| TASK |
Retype the lines below exactly, from the one that contains "2027 기초생활수급자 자격조건｜1인가구" through the last, and leave every picture out.

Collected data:

>>

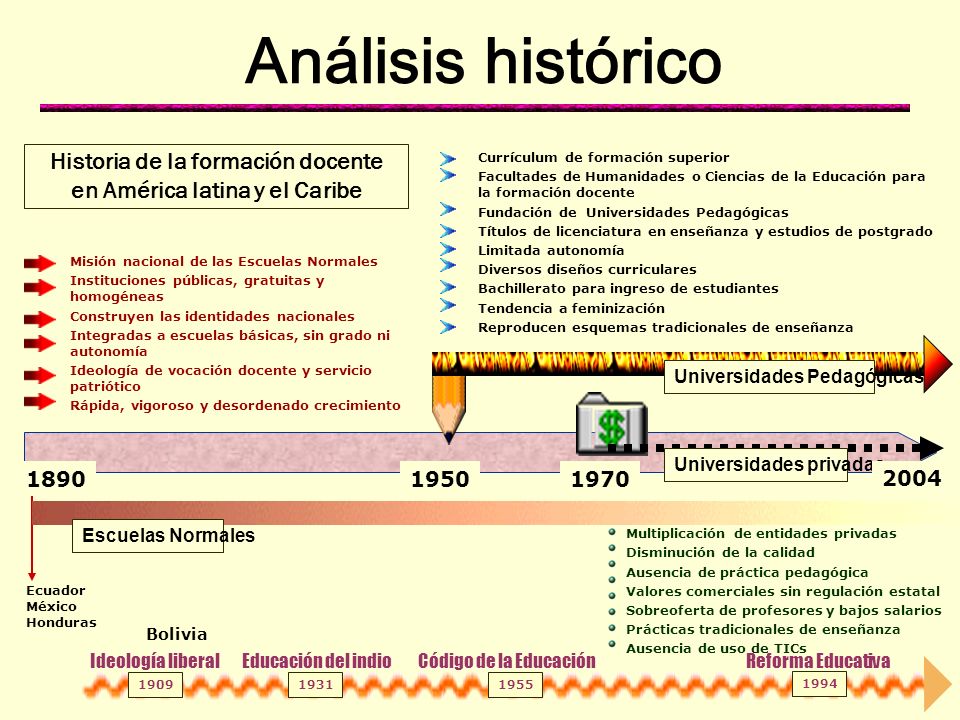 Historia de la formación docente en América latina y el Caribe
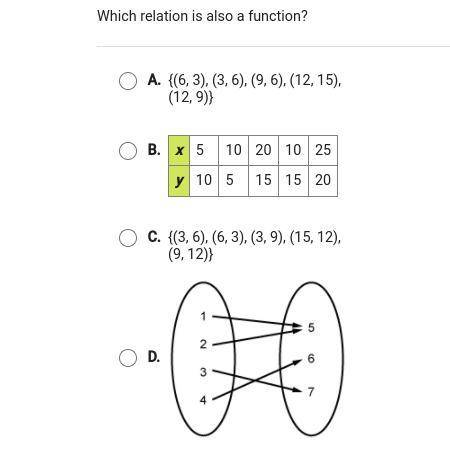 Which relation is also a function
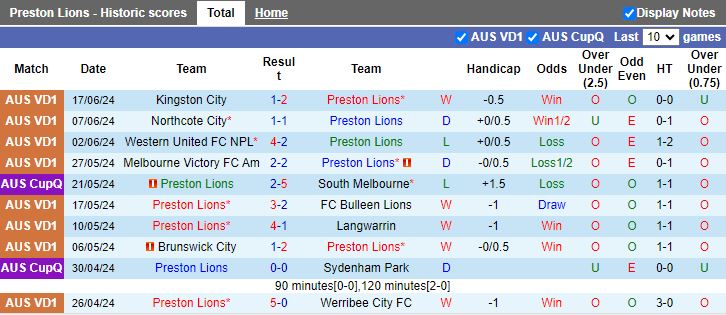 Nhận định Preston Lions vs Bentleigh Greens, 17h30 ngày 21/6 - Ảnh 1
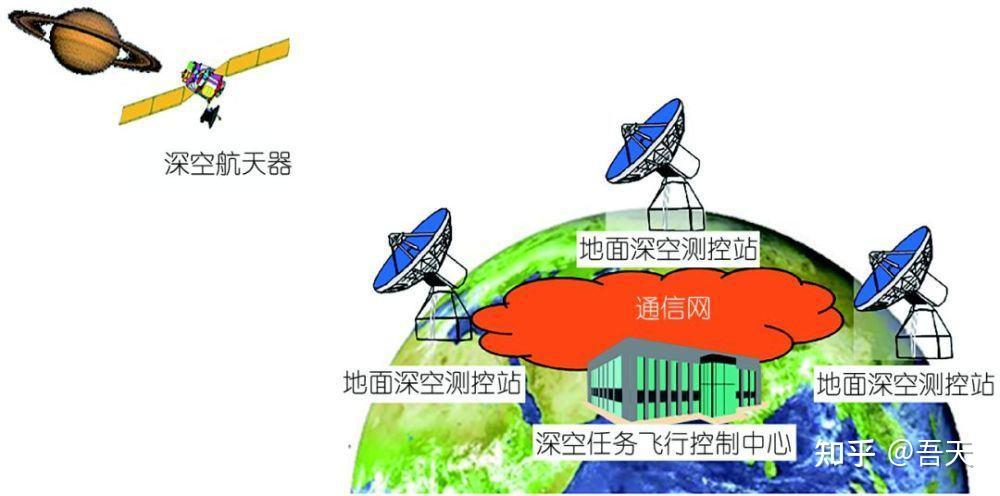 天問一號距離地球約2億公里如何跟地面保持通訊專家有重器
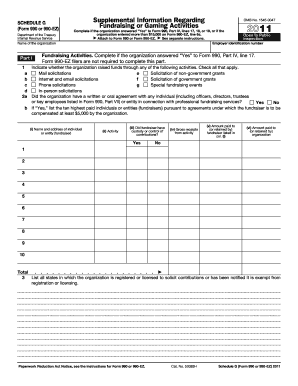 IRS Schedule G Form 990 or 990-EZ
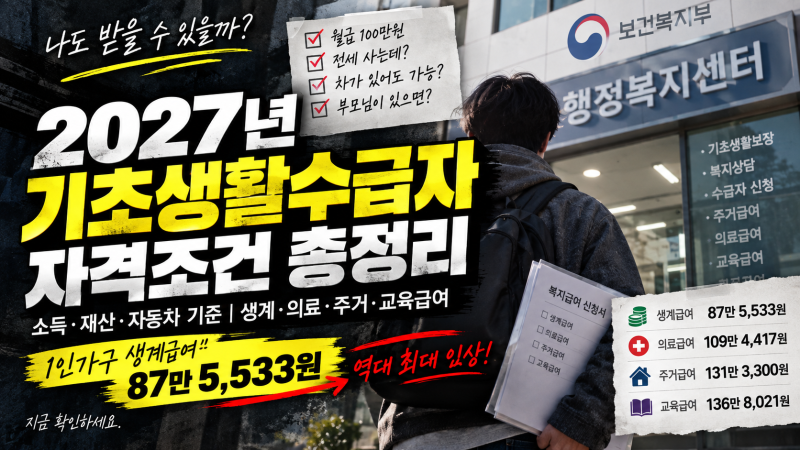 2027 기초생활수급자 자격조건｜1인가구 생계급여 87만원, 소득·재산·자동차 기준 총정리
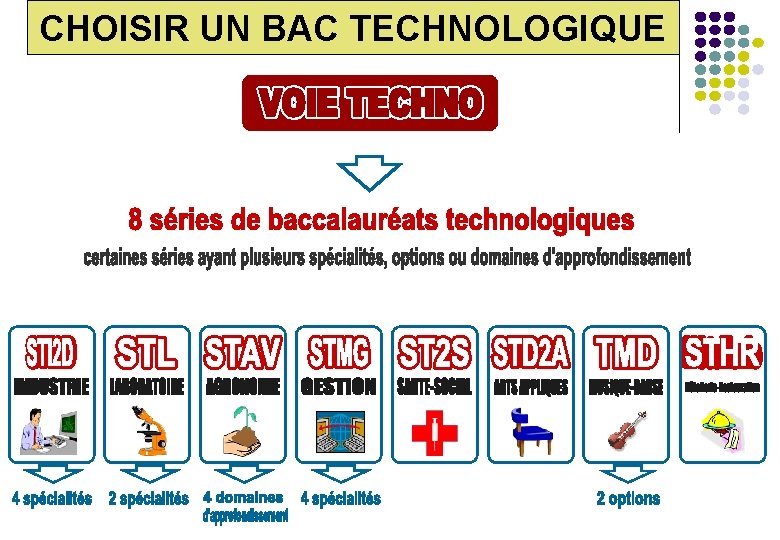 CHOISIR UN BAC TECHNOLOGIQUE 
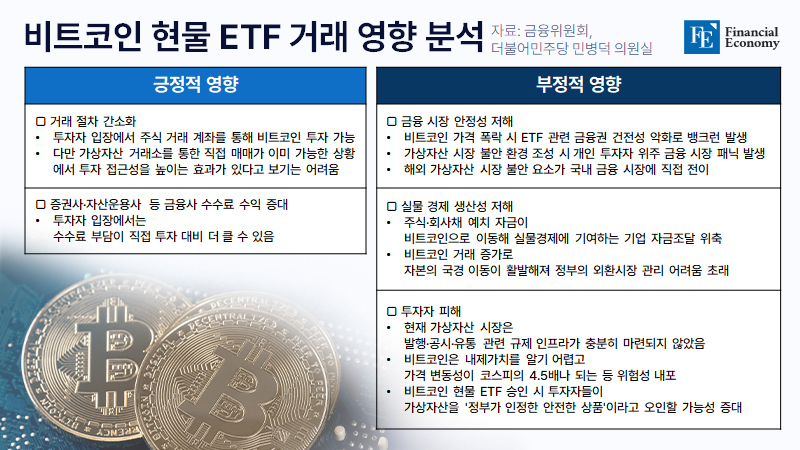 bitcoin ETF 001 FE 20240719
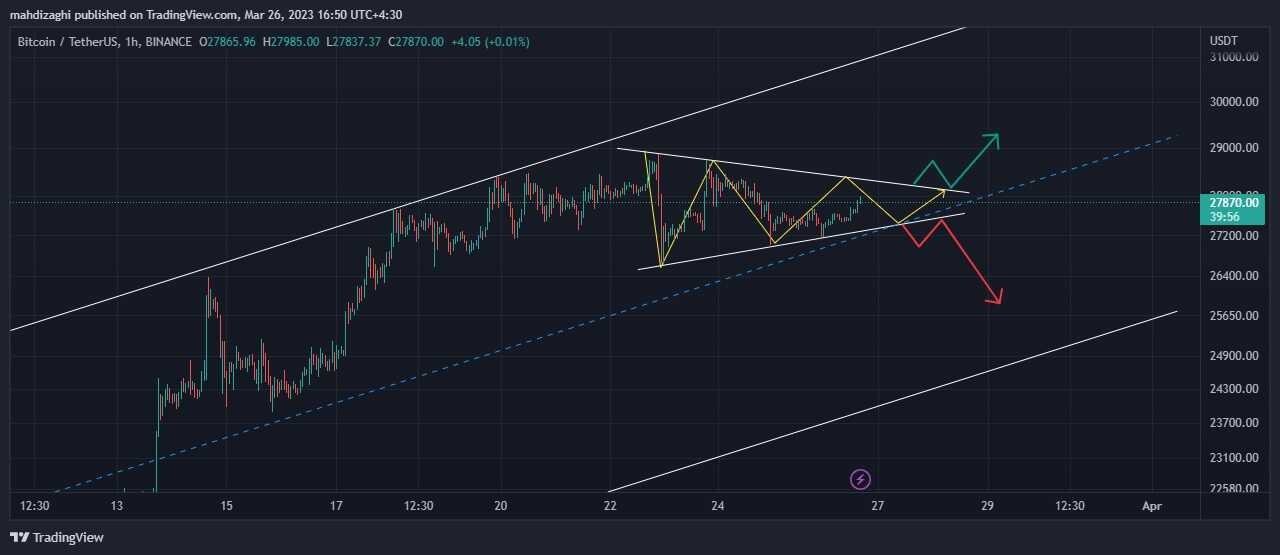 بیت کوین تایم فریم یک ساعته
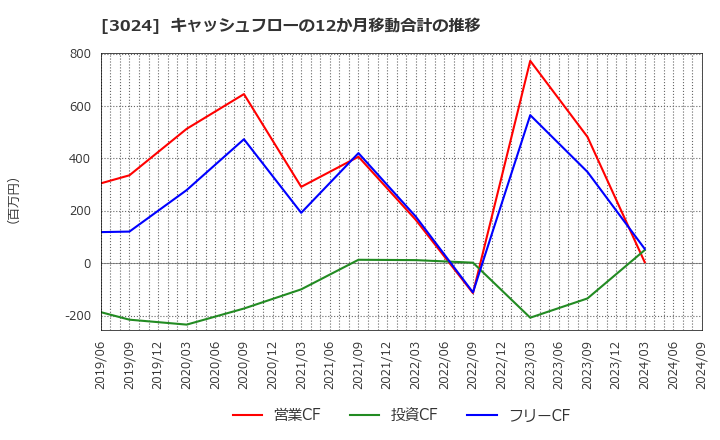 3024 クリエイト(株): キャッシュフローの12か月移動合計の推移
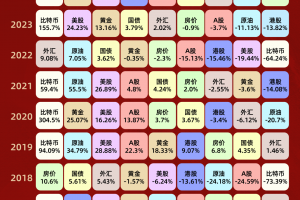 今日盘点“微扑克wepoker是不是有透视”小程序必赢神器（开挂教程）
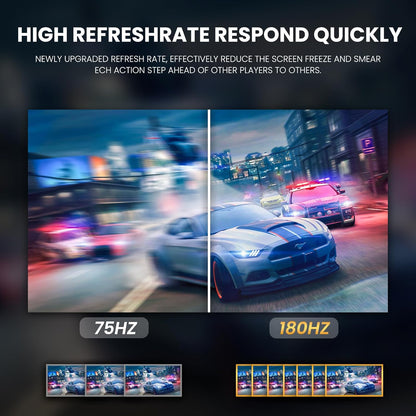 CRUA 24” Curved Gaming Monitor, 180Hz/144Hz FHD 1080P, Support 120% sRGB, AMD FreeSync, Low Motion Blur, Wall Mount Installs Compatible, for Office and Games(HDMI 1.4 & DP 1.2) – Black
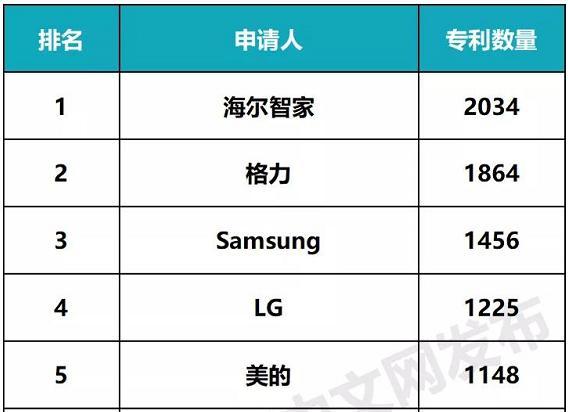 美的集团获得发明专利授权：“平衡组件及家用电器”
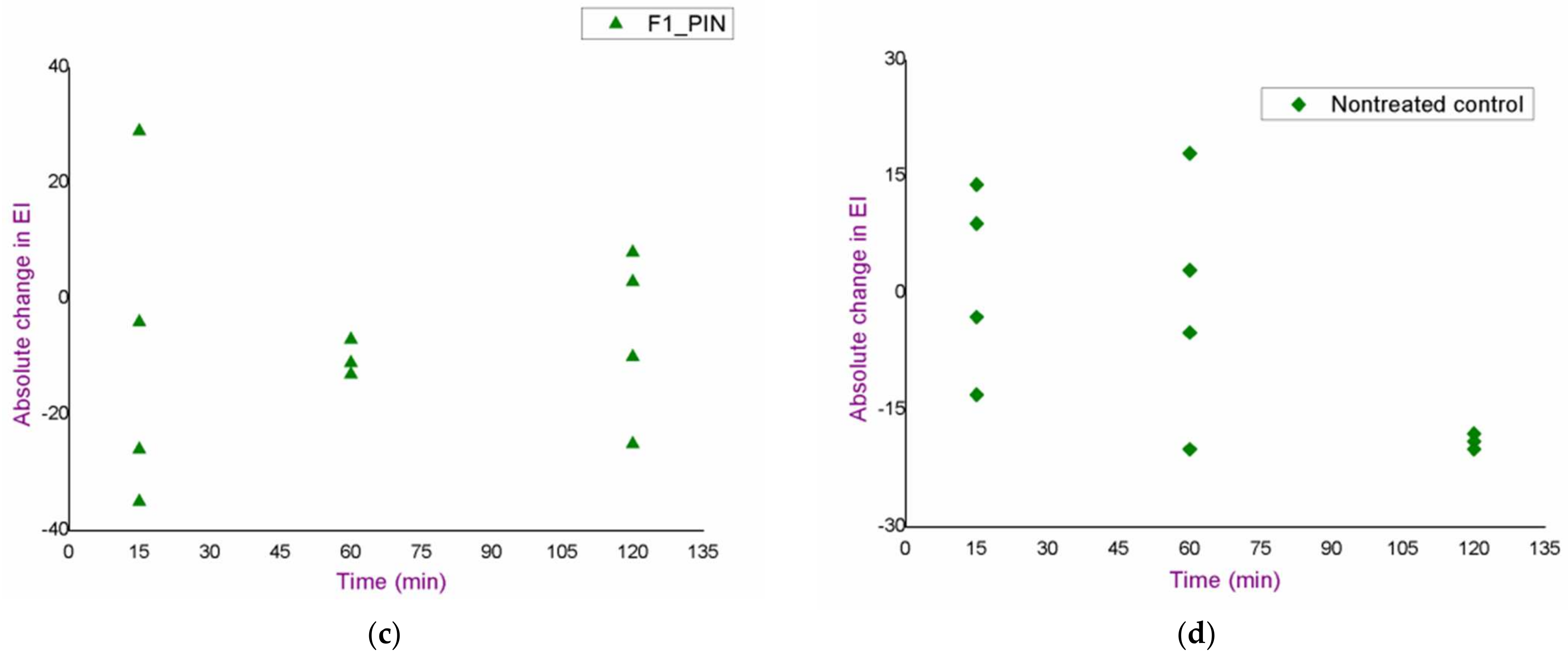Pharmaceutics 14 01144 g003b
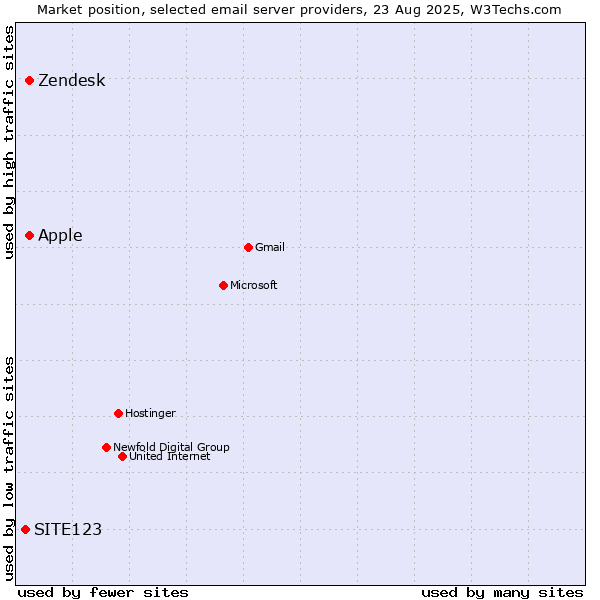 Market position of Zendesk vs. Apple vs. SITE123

<<

| RESPONSE AREA |
 2027 기초생활수급자 자격조건｜1인가구 생계급여 87만원, 소득·재산·자동차 기준 총정리
 CHOISIR UN BAC TECHNOLOGIQUE 
 bitcoin ETF 001 FE 20240719
 بیت کوین تایم فریم یک ساعته
 3024 クリエイト(株): キャッシュフローの12か月移動合計の推移
 今日盘点“微扑克wepoker是不是有透视”小程序必赢神器（开挂教程）
 CRUA 24” Curved Gaming Monitor, 180Hz/144Hz FHD 1080P, Support 120% sRGB, AMD FreeSync, Low Motion Blur, Wall Mount Installs Compatible, for Office and Games(HDMI 1.4 & DP 1.2) – Black
 美的集团获得发明专利授权：“平衡组件及家用电器”
Pharmaceutics 14 01144 g003b
 Market position of Zendesk vs. Apple vs. SITE123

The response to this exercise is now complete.